__DATASET CONTENT__.

• • •

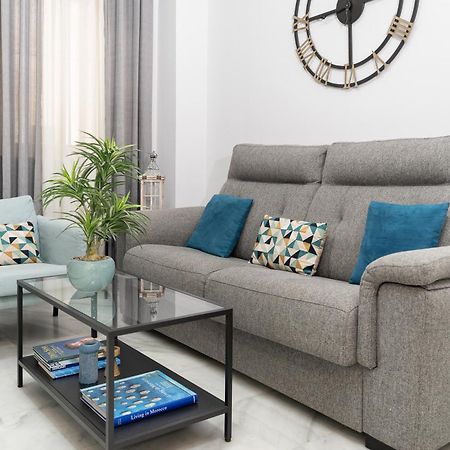 Apartamento Triana Deluxe Con Patio Privado Sevilla Eksteriør bilde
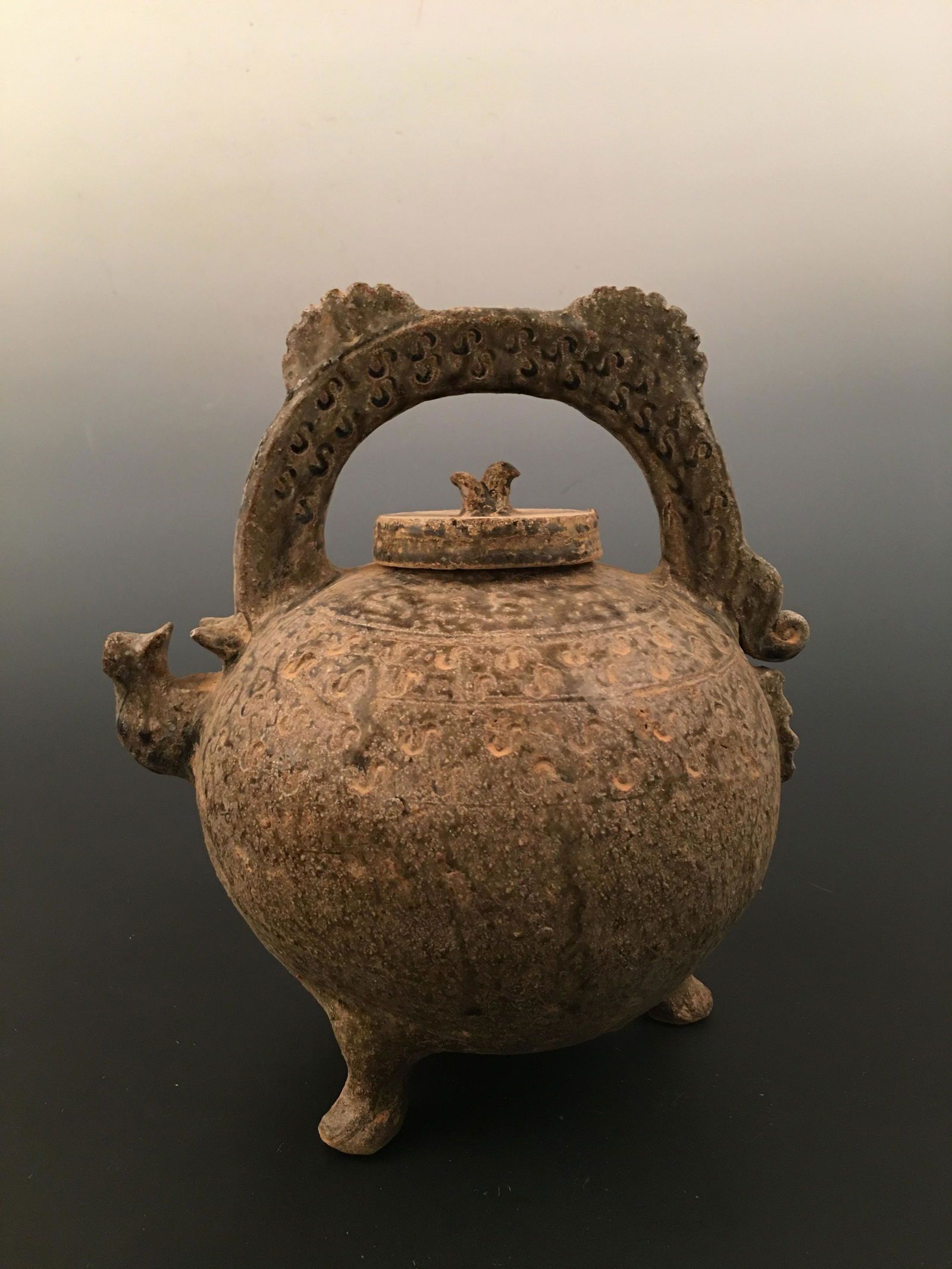 Chinese Yue Kiln Water Pot (1 of 8)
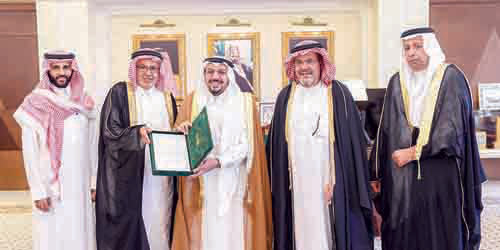 الأمير فيصل بن مشعل يستقبل الدكتور محمد الضحيان رئيس مجلس شركة القصيم الطبية وأعضاء المجلس 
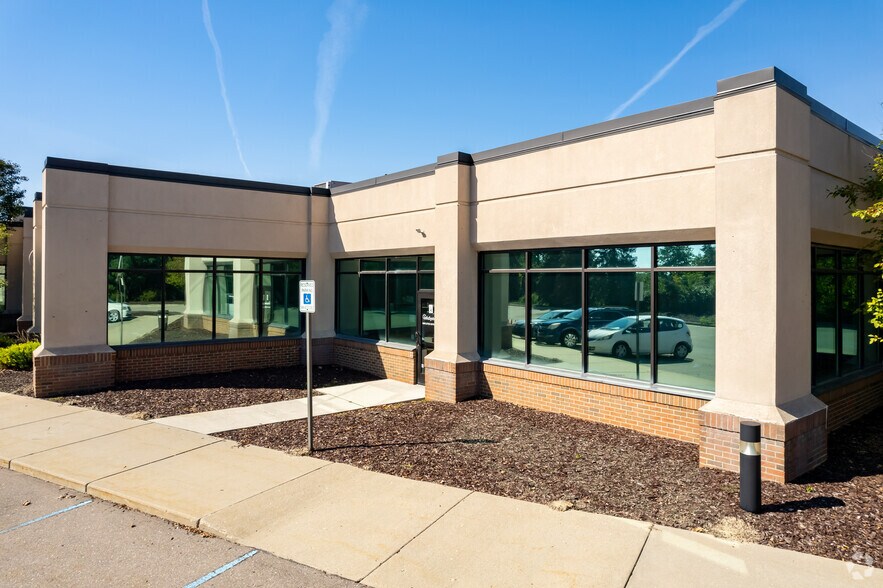 Primary Photo Of 3903-3985 W Hamlin Rd, Rochester Hills Research And Development For Lease
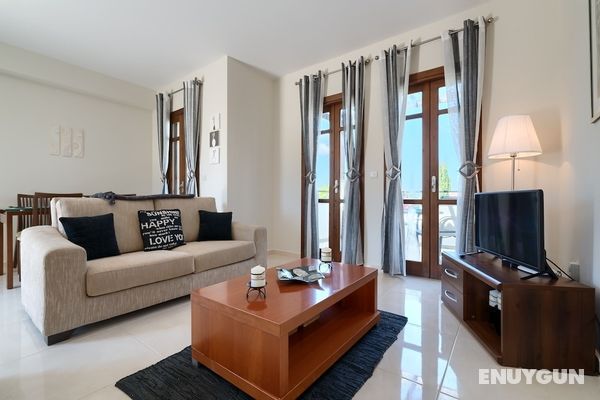 Charming 2 bedroom apartment 'DC11' - with communal pool and resort facilities, Helios Heights village on Aphrodite Hills Resort Öne Çıkan Resim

• • •

__PROBLEM DETAILS__.
Output, exactly as written, only the lines from the beginning of the listing through the line containing "Primary Photo Of", both included, and no pictures.

__SOLUTION__.
 Apartamento Triana Deluxe Con Patio Privado Sevilla Eksteriør bilde
 Chinese Yue Kiln Water Pot (1 of 8)
 الأمير فيصل بن مشعل يستقبل الدكتور محمد الضحيان رئيس مجلس شركة القصيم الطبية وأعضاء المجلس 
 Primary Photo Of 3903-3985 W Hamlin Rd, Rochester Hills Research And Development For Lease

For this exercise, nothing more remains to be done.